__What the exercise asks__:
Give every line of the data again, unchanged, but with no pictures.

__Provided material__:
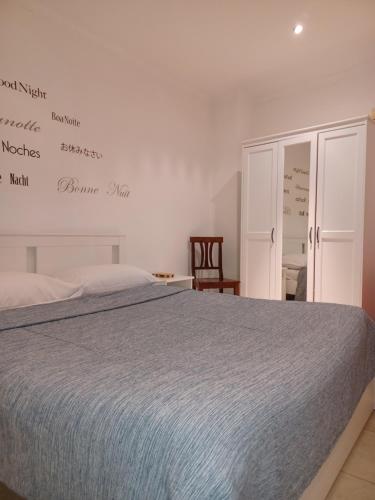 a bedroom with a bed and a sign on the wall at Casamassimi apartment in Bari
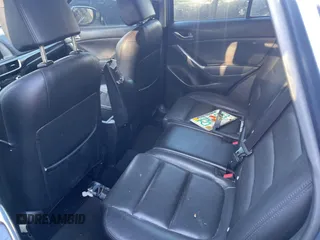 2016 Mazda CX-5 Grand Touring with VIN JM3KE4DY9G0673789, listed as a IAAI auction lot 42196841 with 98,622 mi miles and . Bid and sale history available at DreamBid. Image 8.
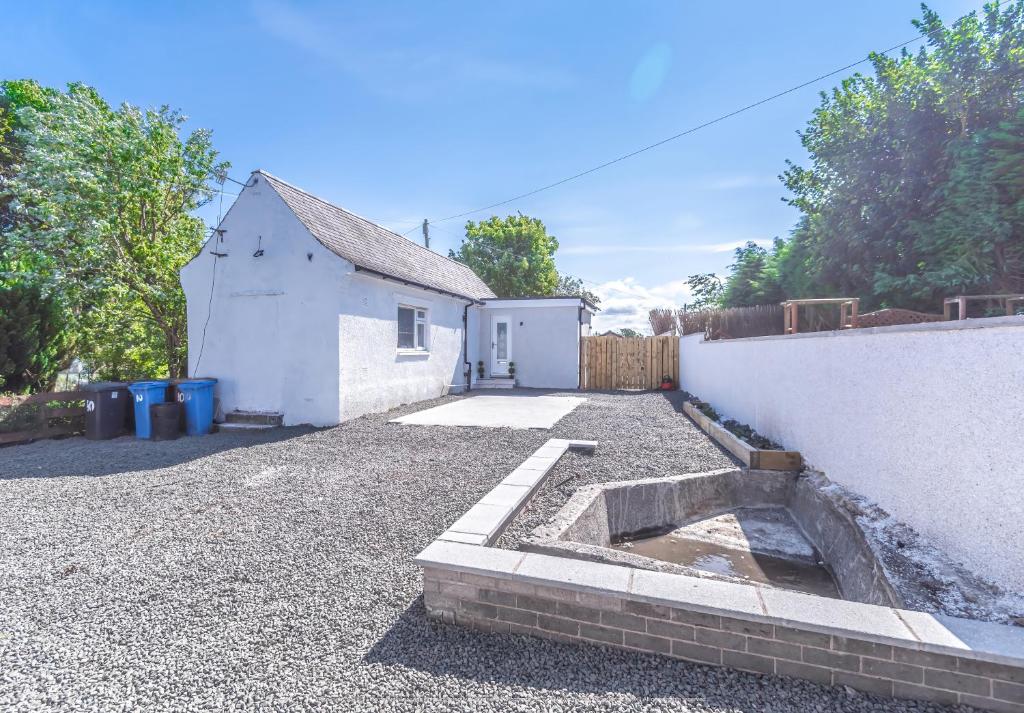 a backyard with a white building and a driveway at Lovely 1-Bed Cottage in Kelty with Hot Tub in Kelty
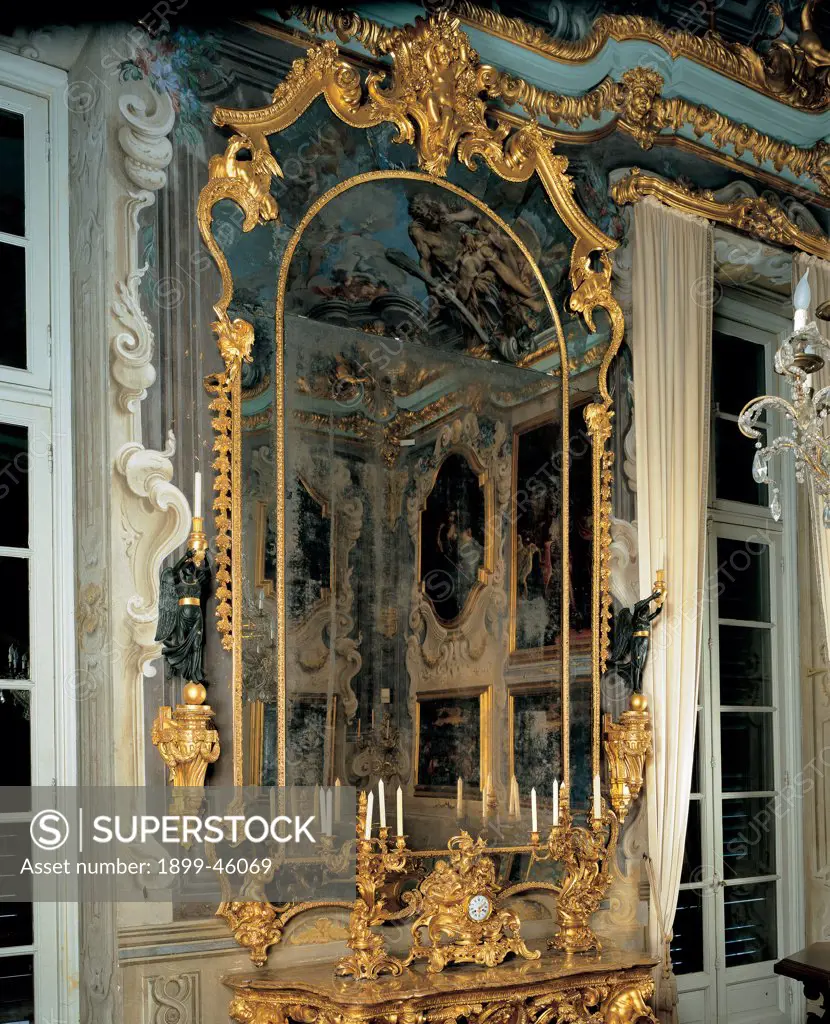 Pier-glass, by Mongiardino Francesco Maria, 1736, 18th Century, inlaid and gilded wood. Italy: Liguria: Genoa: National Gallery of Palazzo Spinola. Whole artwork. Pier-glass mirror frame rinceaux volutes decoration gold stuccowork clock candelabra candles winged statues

__Response box__:
 a bedroom with a bed and a sign on the wall at Casamassimi apartment in Bari
 2016 Mazda CX-5 Grand Touring with VIN JM3KE4DY9G0673789, listed as a IAAI auction lot 42196841 with 98,622 mi miles and . Bid and sale history available at DreamBid. Image 8.
 a backyard with a white building and a driveway at Lovely 1-Bed Cottage in Kelty with Hot Tub in Kelty
 Pier-glass, by Mongiardino Francesco Maria, 1736, 18th Century, inlaid and gilded wood. Italy: Liguria: Genoa: National Gallery of Palazzo Spinola. Whole artwork. Pier-glass mirror frame rinceaux volutes decoration gold stuccowork clock candelabra candles winged statues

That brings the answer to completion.